18. It was reported that director James Cameron desperately wanted a particular person to play the title role of the killer humanoid alien in the first "Terminator" film in the 1980s. Cameron held out to the very end, but ended up being "stuck" with then little-known Arnold Schwarzenegger. Who was his first choice?
19. Who dubbed Miss Piggy's singing voice in "The Muppet Movie"?
20. Lulu, the Scottish singer, is best known for her moving rendition of the title song of the film "To Sir, With Love" (1967). Lulu also sang the title song for a James Bond film. Which one was it?
21. Marilyn Monroe said her favorite male singer was Frank Sinatra. Who did she say was her favorite female singer?
22. More than 150,000 feet (28-plus miles) of film was used just to film the screen tests of potential actresses for the lead role of what movie?
23. In 1956, who was the highest paid film star in the world?
24. What was the first movie to have its own sequel released in the same year?
25. Why does Star Trek's Mr.
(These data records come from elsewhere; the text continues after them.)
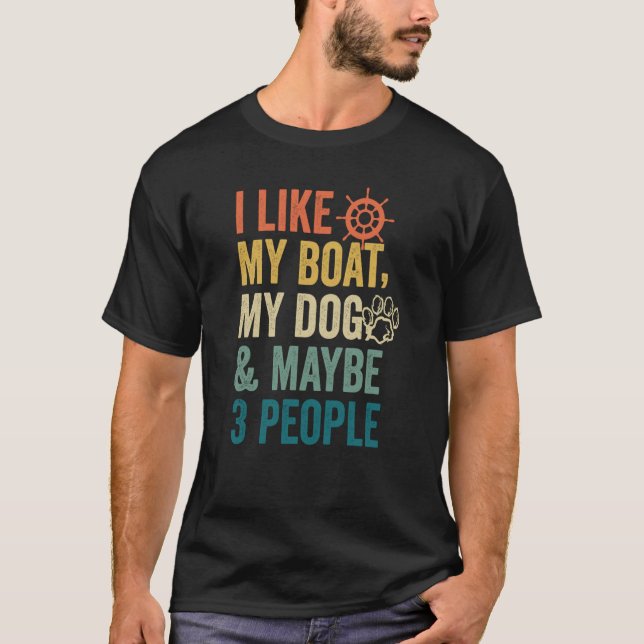 Ich mag mein Boot mein Hund und vielleicht 3 Leute T-Shirt (Vorderseite)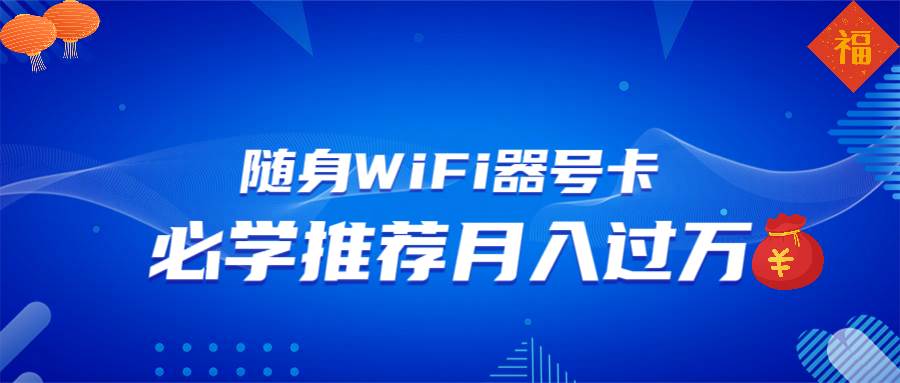 （13986期）随身WiFi器推广，月入过万，多种变现渠道来一场翻身之战-云商网创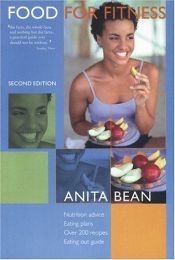 book cover of Food for Fitness: Nutrition Plan, Eating Plan, Recipes by Anita Bean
Spock have a green cast to his skin?
26. After Spencer Tracy won the 1937 Best Actor Oscar for "Captains Courageous," the gold statuette was sent out to be inscribed. When it was returned to the actor, how was it engraved?
27. Burt Reynolds grew up in Palm Beach, Fla. What was his father's occupation?
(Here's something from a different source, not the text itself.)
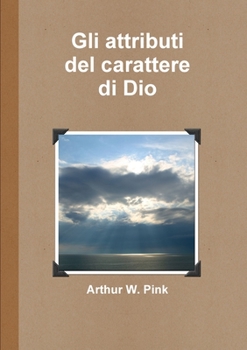 Paperback Gli attributi del carattere di Dio [Italian] Book
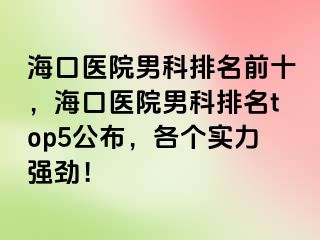 海口医院男科排名前十，海口医院男科排名top5公布，各个实力强劲！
28. What is Chevy Chase's real first name?
29. Children's author Shel Silverstein, who wrote the 1981 bestseller "A Light in the Attic" (which was on The New York Times best sellers list for 182 weeks), as well as the children's classics "The Giving Tree" (1964) and "Where the Sidewalk Ends" (1974) had other creative talents as well. He wrote a 1969 hit song for Johnny Cash that took two Grammy Awards. What song was it?
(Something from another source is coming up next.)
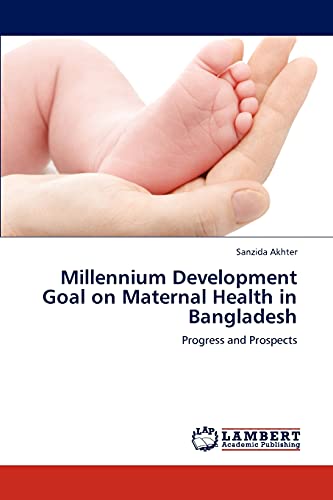 Millennium Development Goal on Maternal Health in Bangladesh: Progress and Prospects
30. Over the decades, the Coca-Cola company signed on some big names in the entertainment industry to push its bubbly beverage. Recording artists who have endorsed Coke include Roy Orbison and Diana Ross. Can you name others?
31. In the Abbott and Costello "Who's on First" routine, what was the pitcher's name?
1. Once, May 21, 1980
2. Jim Carrey
3. In November 1998, he became the youngest (age 22) and the first black ringmaster in the 129-year history of that world-famous circus.
4. Bette Davis, 1977
7. Kissing -- It was considered unclean, immodest, indecorous, ungraceful and likely to spread disease.
8. $5,000 per week
10. 35 cents each
11. Jets, Trix, Cocoa Puffs and Cheerios
12. The place was plagued by rats. Desperate for a job in the theatre, Beatty convinced the management to hire him as the official rat-catcher.
13. They were all valedictorians.
14. Wayne & Shuster
15. Whoopi Goldberg
17. 31 ... by 1964-65, that number had plummeted to seven.
18. O.J. Simpson
19. Johnny Mathis
20. "The Man with the Golden Gun" (1974)
21. Ella Fitzgerald
22. Scarlett O'Hara of "Gone with the Wind" (1939)
23. John Wayne
24. "King Kong" and "Son of Kong" (1933)
25. Spock has traces of copper and nickel in his blood, giving it a greenish tint.
26. To "Dick Tracy" (A replacement was quickly made)
27. He was the police chief. FYI: Reynolds now owns a house in Jupiter, Fla., that was once used by Al Capone as a hideaway.
29. "A Boy Named Sue"
30. The Temptations, Ray Charles, The Beach Boys, The Drifters, Jan and Dean, The Moody Blues, Marvin Gaye, Aretha Franklin and The Guess Who ... just to name a few.